Factorization Machines

Beyond numerous discussions about conventional matrix factorization (MF) based recommenders, Rendle has proposed factorization machines (FMs) as general predictors based on the similar "factorization" idea. In contrast to MF, FMs are formulated by a equation which is very similar to the polynomial regression, and the model can be applied all of the regression, classification and ranking problems depending on a choice of loss functions.


Recommendation based on second-order factorization machines (FMs).
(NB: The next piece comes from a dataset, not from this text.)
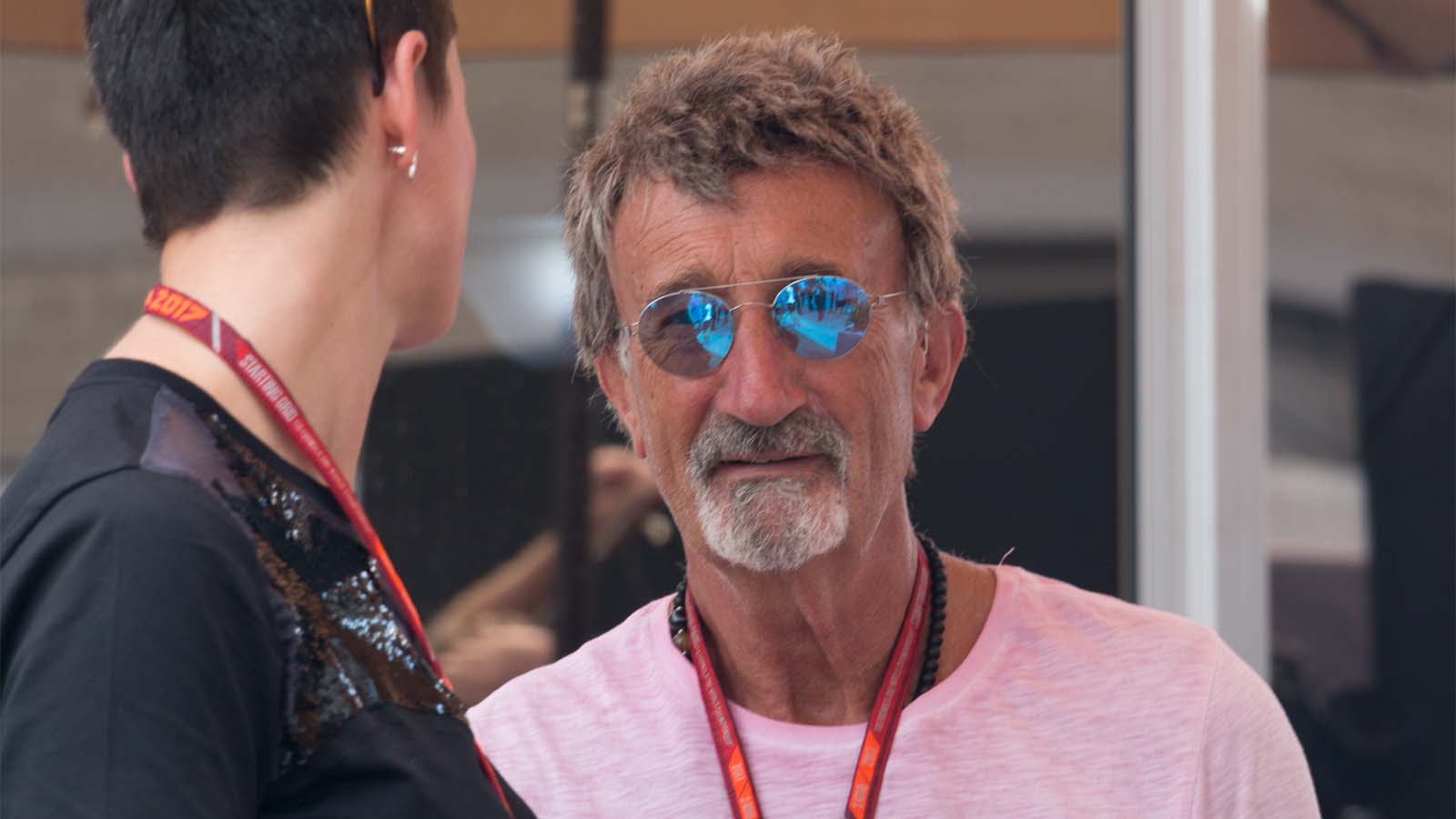 Ex-F1 team boss Eddie Jordan reveals battle with cancer at age of 76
Number of factors $k$ is configured by n_factors.

Learning FM requires a set of parameters $\Theta = \{w_0, \mathbf{w}, V\}$ and a loss function $\ell(\hat{y}(\mathbf{x} \mid \Theta), y)$. Ultimately, the parameters can be optimized by stochastic gradient descent (SGD).


First of all, for an input vector $\mathbf{x} \in \mathbb{R}^d$, let us imagine a linear model parameterized by $w_0 \in \mathbb{R}$$\mathbf{w} \in \mathbb{R}^d$ as follows:

\[\hat{y}^{\mathrm{LR}}(\mathbf{x}) := w_0 + \mathbf{w}^{\mathrm{T}} \mathbf{x}.\]
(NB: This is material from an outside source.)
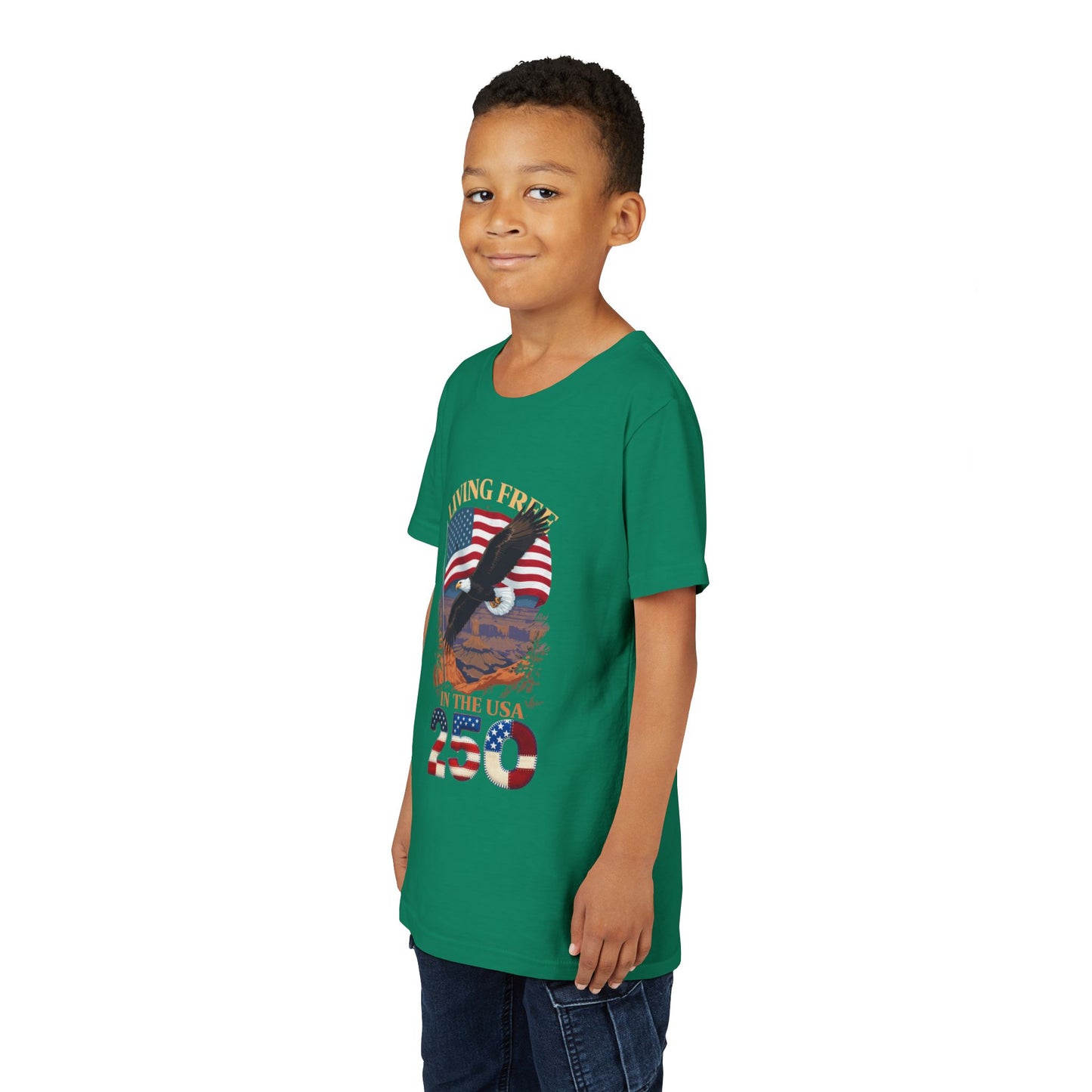 Youth American 250th Anniversary Collection ( Living Free)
Next, by incorporating interactions of the $d$ input variables, we extend the linear model into the following second-order polynomial model.

\[\hat{y}^{\mathrm{PR}}(\mathbf{x}) := w_0 + \mathbf{w}^{\mathrm{T}} \mathbf{x} + \sum_{i=1}^d \sum_{j=i}^d w_{i,j} x_i x_j,\]

where $w_{i,j}$ is an element in a symmetric matrix $W \in \mathbb{R}^{d \times d}$, and it indicates a weight of $x_i x_j$, an interaction between the $i$-th and $j$-th variable.

FMs assume that $W$ can be approximated by a low-rank matrix; $w_{ij}$ in $\hat{y}^{\mathrm{PR}}$ is approximated by using a rank-$k$ matrix $V \in \mathbb{R}^{d \times k}$, and the weights are replaced with inner products of $k$ dimensional vectors as $w_{i, j} \approx \mathbf{v}_i^{\mathrm{T}} \mathbf{v}_j$ for $\mathbf{v}_1, \cdots, \mathbf{v}_d \in \mathbb{R}^k$. Finally, the model is formulated as follows:

\[\hat{y}^{\mathrm{FM}}(\mathbf{x}) := \underbrace{w_0}_{\textbf{global bias}} + \underbrace{\mathbf{w}^{\mathrm{T}} \mathbf{x}_{ }}_{\textbf{linear}} + \sum_{i=1}^d \sum_{j=i}^d \underbrace{\mathbf{v}_i^{\mathrm{T}} \mathbf{v}_j}_{\textbf{interaction}} x_i x_j.\]

Several studies prove that a variety of feature representations $\mathbf{x}$ (e.g. concatenation of one-hot vectors for several categorical variables) work well with FMs, and the flexibility in feature representation is one of the most important characteristics of FMs.

Note that the original paper specially referred to the formulation above as second-order FM as a specific case that $p=2$ of the following $p$-th order FM:

\[\hat{y}^{\mathrm{FM}^{(p)}}(\mathbf{x}) := w_0 + \mathbf{w}^{\mathrm{T}} \mathbf{x} + \sum^p_{\ell=2} \sum^d_{j_1 = 1} \cdots \sum^d_{j_p = j_{p-1} + 1} \left( \prod^{\ell}_{i=1} x_{j_i} \right) \sum^{k_{\ell}}_{f=1} \prod^{\ell}_{i=1} v_{j_i,f},\]

with the model parameters:

\[w_0 \in \mathbb{R}, \ \mathbf{w} \in \mathbb{R}^d, \ V_{\ell} \in \mathbb{R}^{d \times k_{\ell}},\]

where $\ell \in \{2, \cdots, p\}$. The higher-order FMs are actually promising to capture more complex underlying concepts from dynamic data, but accordingly the computational cost should be more expensive.